Create the Time Array: Create a simple numerical array representing the passing years (0, 1, 2, 3...) using years_passed = np.arange(len(annual_temps)).
Calculate the Trend: Use coefficients = np.polyfit(years_passed, annual_temps, 1) to fit a straight line to your data. Then, use np.polyval(coefficients, years_passed) to generate the actual Y-values for your trend_line.
Print the Verdict: Extract the slope and intercept from your coefficients. Print the warming trend in °C per year, and calculate the total warming over the entire dataset (slope * len(years_passed)).
Visualize the Warming: Convert your trend_line array back into a Pandas Series (making sure to use annual_temps.index so the years match). Combine the actual annual temperatures and your new trend line into a single DataFrame, and .plot() them together to visually prove the warming trend!

# Write your code here

Sample Solution

# 1. Import NumPy
import numpy as np

# 2. Resample to Annual ('Y') averages and drop any resulting NaNs
annual_temps = climate_data["temp_max"].resample("YE").mean().dropna()
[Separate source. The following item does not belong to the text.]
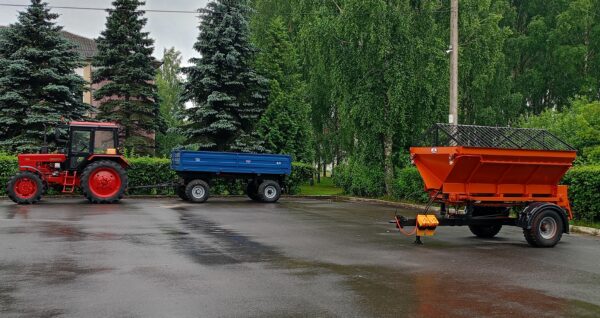 Новая техника для коммунального хозяйства поступила в Гордеевский район Брянской области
# 3. Create a simple array representing the passing years (0, 1, 2, 3...)
years_passed = np.arange(len(annual_temps))

# 4. Use NumPy to fit a straight line (1st-degree polynomial)
coefficients = np.polyfit(years_passed, annual_temps, 1)
trend_line = np.polyval(coefficients, years_passed)

# 5. Calculate total warming and print the verdict
slope, intercept = coefficients
total_warming = slope * len(years_passed)
print(f"The long-term warming trend is {slope:.4f} °C per year.")
print(f"Total warming over the dataset: {total_warming:.2f} °C")
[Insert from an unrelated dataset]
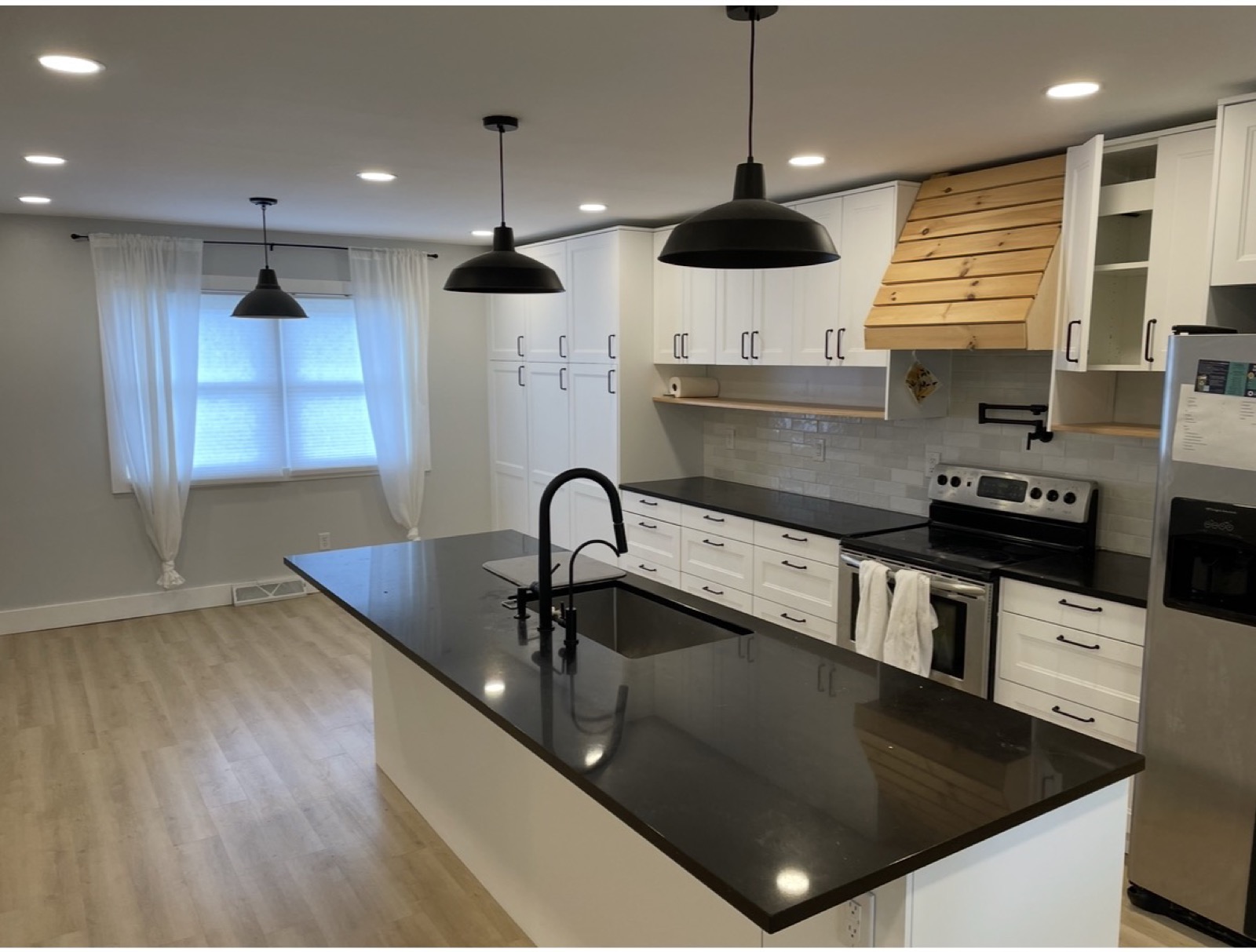 The finished remodeled kitchen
# 6. Put the trend back into the dataframe
trend_series = pd.Series(trend_line, index=annual_temps.index)
df_annual = pd.DataFrame({"annual": annual_temps, "trend": trend_series})
df_annual.plot(
    figsize=(12, 6),
    color=["lightsalmon", "crimson"],
    style=["-", "--"],
    linewidth=2,
    ylabel="Temperature (°C)",
    grid=True,
);

Reflection¶

Take a moment to review what you have built and analyzed. Answer briefly in comments or markdown:

In Part 2, why was using .interpolate() a better scientific choice for cleaning missing daily temperatures compared to using .fillna() with the overall 50-year average?
Look at your final plot in Part 4. Explain the visual difference between the monthly resampled data and the 10-year rolling trend. Why was the rolling trend necessary to answer the management’s question?
In Part 5, you mathematically quantified the warming trend. Look at the total warming over the dataset. How might this specific number impact a ski resort’s business model (e.g., snowmaking requirements or summer tourism)?
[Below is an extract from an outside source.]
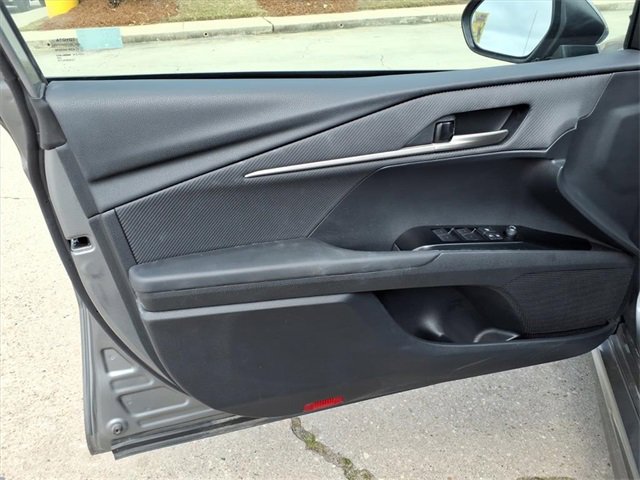 Used 2025 Toyota Camry SE image 20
# Write your reflections here.

Sample Answers

Interpolate vs. Fillna: Using a 50-year static average (.fillna()) to fill a missing day in January would likely insert a warm summer temperature into the middle of winter, completely breaking the data. .interpolate() connects the dots between the specific day before and the day after, providing a highly accurate local estimate.
Vectorization Efficiency: We didn’t need a for loop because Pandas aligns the arrays in memory and passes the subtraction operation through a highly optimized C backend. It calculates the entire column simultaneously rather than stepping row-by-row.
Monthly Noise vs. Rolling Trend: Monthly data still contains the aggressive up-and-down oscillation of summer and winter, making it impossible to see a shift of 1 or 2 degrees. A 10-year rolling window completely smooths out the seasons, revealing the underlying baseline shift that management needs to plan for.
Business Impact: A quantifiable total warming (e.g., +2.0 °C over 54 years) pushes the snow line significantly higher up the mountain. Management must use this number to calculate future investments in artificial snowmaking infrastructure or begin pivoting their business model toward summer mountain biking and hiking tourism.